## REQUIRED WORK
Below are some records. Output the lines from the first one through the line that holds "So this meets", exactly as written, with no pictures.

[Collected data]
>>
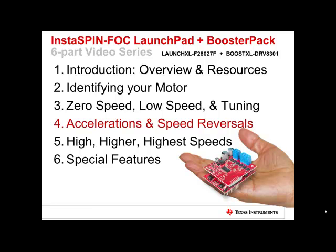InstaSPIN FOC Launch Pad and Booster Pack Training Series, Part 4: Accelerations and Speed Reversals.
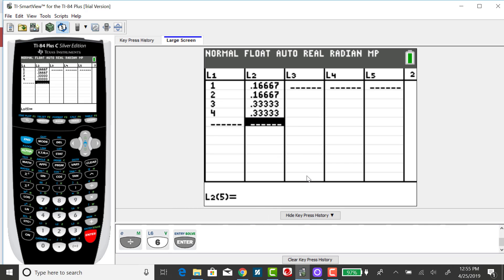So this meets the criteria for a discrete probability distribution. Specifically, each individual probability needs to fall between 0 and 1, and the sum of the probabilities needs to add to 1.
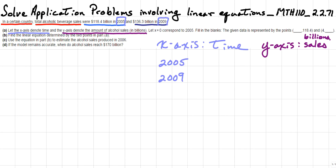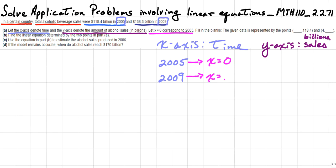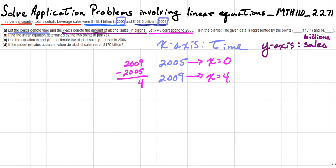Let x equals zero correspond to 2005 — this is our zero year, where everything starts. That means the year 2009 will be x equals 4, because we take 2009 minus the initial year 2005 and get 4. This gives us the x-coordinates for the two data points.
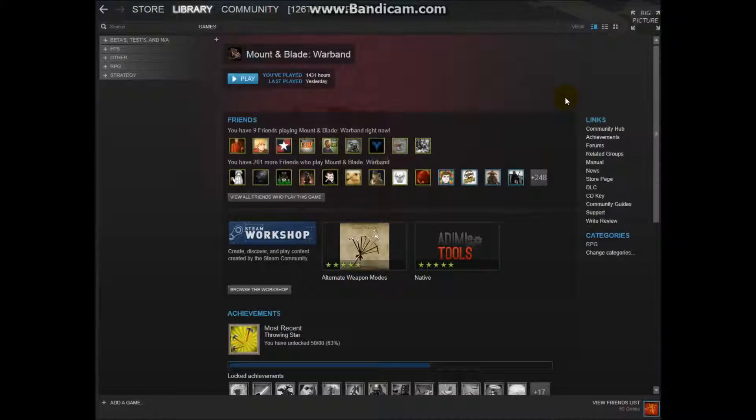Because after that, Empire went on to Steam and since then it's been on Steam. And Shogun 1 and Medieval 1, I don't think they had online play. I don't know, I never owned them.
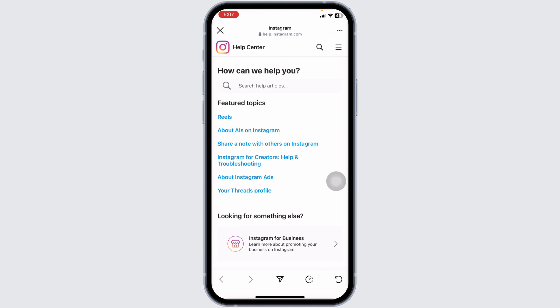And that's how you can fix the 'page isn't available right now' error on Instagram for your iPhone or iPad. If you found this guide helpful, please like, share, and subscribe for more tech solutions and tips. Thanks for watching.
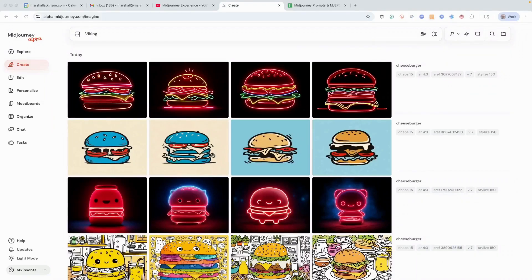All right everyone, thanks for joining the video today. I've got something amazing to show you, and I don't think a lot of people are talking about this — it's a really great way to find and discover sref codes that's built into MidJourney.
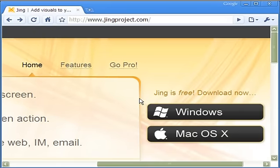JING has a pro version, but once again, the free version is very good for starters.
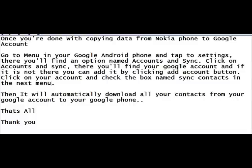Click on Accounts and Sync. There you'll find your Google account and if it is not there you can add it by clicking Add Account button. Click on your account and check the box named Sync Contacts in the next menu. Then it will automatically download all your contacts from your Google account to your Google phone. That's all, thank you.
<<
## ANSWER SPACE
InstaSPIN FOC Launch Pad and Booster Pack Training Series, Part 4: Accelerations and Speed Reversals.
So this meets the criteria for a discrete probability distribution. Specifically, each individual probability needs to fall between 0 and 1, and the sum of the probabilities needs to add to 1.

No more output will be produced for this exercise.